After the funeral there is only one more snapshot. A dream. In this dream my dad has just stepped through the outside door into the kitchen and I am staring up at him. He’s wearing his denim-blue work shirt, suspenders and denim overalls. Our eyes lock. My heart cries, “Why don’t you come home anymore?” But not a word is spoken. There are no tears. I only feel an indescribable longing.
I have frequently questioned the authenticity of this dream-memory. Even though the dream had occurred prior to the time my mom had remodeled our house, in my memory the dream was set in our newly remodeled kitchen. Was my dream-memory superimposed into our new kitchen because I have difficulty remembering how our pre-remodeled house used to look or was it a false memory?
Several years ago I discovered the answer in my Aunt Emma’s diary. On December 19, 1969, one year and eight months after my dad’s death, sandwiched in between a comment about how cute my younger brother Roland could talk and how she had shipped off a box of sugar and creamer sets she had painted, Emma had penned the following words:
“Mother (Grossmommy) said Aleta told her she dreamed her father came in the door. “Do you know why I dreamed that? Because I wish to see him.””

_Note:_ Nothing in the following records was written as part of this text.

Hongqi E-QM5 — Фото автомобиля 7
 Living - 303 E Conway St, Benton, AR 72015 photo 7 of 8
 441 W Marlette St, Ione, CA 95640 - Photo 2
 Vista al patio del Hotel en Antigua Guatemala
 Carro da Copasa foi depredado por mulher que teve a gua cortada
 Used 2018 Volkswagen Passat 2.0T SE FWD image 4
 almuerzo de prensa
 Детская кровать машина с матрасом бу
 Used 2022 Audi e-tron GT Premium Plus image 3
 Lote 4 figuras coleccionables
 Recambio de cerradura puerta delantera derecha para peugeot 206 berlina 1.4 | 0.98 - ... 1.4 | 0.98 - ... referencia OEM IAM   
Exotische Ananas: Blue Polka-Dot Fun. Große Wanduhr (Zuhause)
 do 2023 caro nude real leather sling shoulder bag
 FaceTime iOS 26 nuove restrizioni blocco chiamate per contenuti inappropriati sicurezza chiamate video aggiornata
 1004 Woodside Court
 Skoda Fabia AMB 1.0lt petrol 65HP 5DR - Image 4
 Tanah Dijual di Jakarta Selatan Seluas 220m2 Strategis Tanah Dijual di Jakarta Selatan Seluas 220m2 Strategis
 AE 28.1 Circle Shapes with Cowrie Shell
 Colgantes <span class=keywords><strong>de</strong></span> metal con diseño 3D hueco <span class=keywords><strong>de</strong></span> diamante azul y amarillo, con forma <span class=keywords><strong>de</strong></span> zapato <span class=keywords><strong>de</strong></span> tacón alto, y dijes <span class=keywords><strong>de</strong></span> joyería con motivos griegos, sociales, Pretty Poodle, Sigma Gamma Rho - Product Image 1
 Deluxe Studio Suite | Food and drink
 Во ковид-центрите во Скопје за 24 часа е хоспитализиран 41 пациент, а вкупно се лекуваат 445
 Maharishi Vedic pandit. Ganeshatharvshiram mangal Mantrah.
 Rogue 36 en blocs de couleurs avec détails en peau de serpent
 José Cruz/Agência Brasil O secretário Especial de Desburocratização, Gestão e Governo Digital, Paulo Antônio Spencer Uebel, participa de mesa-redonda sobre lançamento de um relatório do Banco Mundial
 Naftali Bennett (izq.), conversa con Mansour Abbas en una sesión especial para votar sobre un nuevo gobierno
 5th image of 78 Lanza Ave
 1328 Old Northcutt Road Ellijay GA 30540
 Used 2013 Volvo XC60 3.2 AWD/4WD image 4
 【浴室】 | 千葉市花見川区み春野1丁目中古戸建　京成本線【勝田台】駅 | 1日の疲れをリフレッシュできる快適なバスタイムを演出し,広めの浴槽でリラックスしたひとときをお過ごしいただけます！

More than forty years later I could still feel that longing deep inside. My heart crying out for my daddy. This time the tears came.
That longing subconsciously followed me throughout my life. Because of it, unhealed, I made choices that I believe I would not have made otherwise. I spent my teen years searching to fill that empty void in my heart. It was not until I allowed God to fill it that I found peace.
We all have a God-shaped void within us. It is only by daily inviting his presence in to fill it that we maintain that peace.